GRU4Rec
It uses session-parallel mini-batch approach where we first create an order for the sessions and then, we use the first event of the first X sessions to form the input of the first mini-batch (the desired output is the second events of our active sessions). The second mini-batch is formed from the second events and so on. If any of the sessions end, the next available session is put in its place. Sessions are assumed to be independent, thus we reset the appropriate hidden state when this switch occurs.

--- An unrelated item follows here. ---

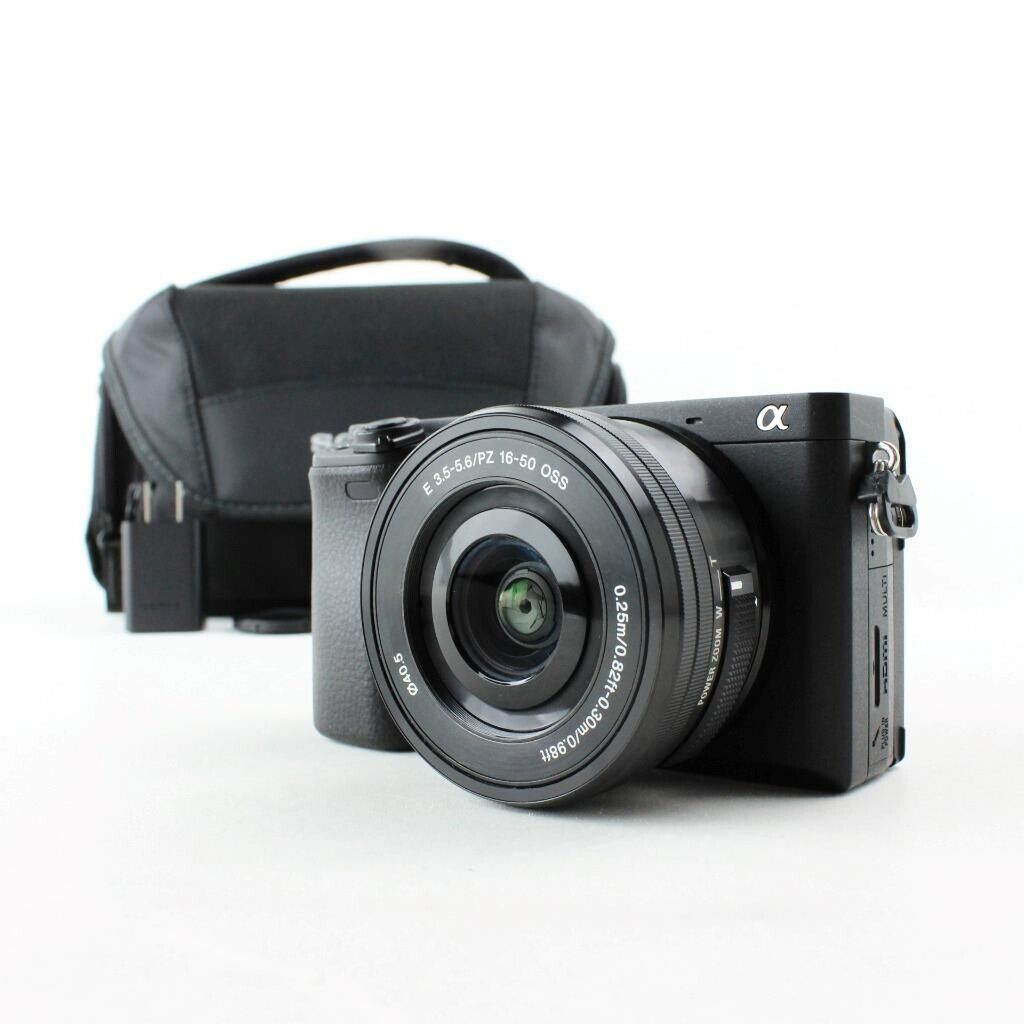 Sony Alpha a6400 with 16-50mm Lens APS-C Mirrorless Camera - Black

One of the first successful approaches for using RNNs in the recommendation domain is the GRU4Rec network (Hidasi, Karatzoglou, Baltrunas, and Tikk, 2015). A RNN with GRUs was used for the session-based recommendation. A novel training mechanism called session-parallel mini-batches is used in GRU4Rec, as shown in Figure 3. Each position in a mini-batch belongs to a particular session in the training data. The network finds a hidden state for each position in the batch separately, but this hidden state is kept and used in the next iteration at the positions when the same session continues with the next batch. However, it is erased at the positions of new sessions coming up with the start of the next batch. The network is always updated with the session beginning and used to predict the subsequent events. GRU4Rec architecture is composed of an embedding layer followed by multiple optional GRU layers, a feed-forward network, and a softmax layer for output score predictions for candidate items. The session items are one-hot-encoded in a vector representing all items’ space to be fed into the network as input. On the other hand, a similar output vector is obtained from the softmax layer to represent the predicted ranking of items. Additionally, the authors designed two new loss functions, namely, Bayesian personalized ranking (BPR) loss and regularized approximation of the relative rank of the relevant item (TOP1) loss. BPR uses a pairwise ranking loss function by averaging the target item’s score with several sampled negative ones in the loss value. TOP1 is the regularized approximation of the relative rank of the relevant item loss. Later, Hidasi and Karatzoglou (2018) extended their work by modifying the two-loss functions introduced previously by solving the issues of vanishing gradient faced by TOP1 and BPR when the negative samples have very low predicted likelihood that approaches zero. The newly proposed losses merge between the knowledge from the deep learning and the literature of learning to rank. The evaluation of the new extended version shows a clear superiority over the older version of the network. Thus, we have included the extended version of the GRU4Rec network, denoted by GRU4Rec+, in our evaluation study.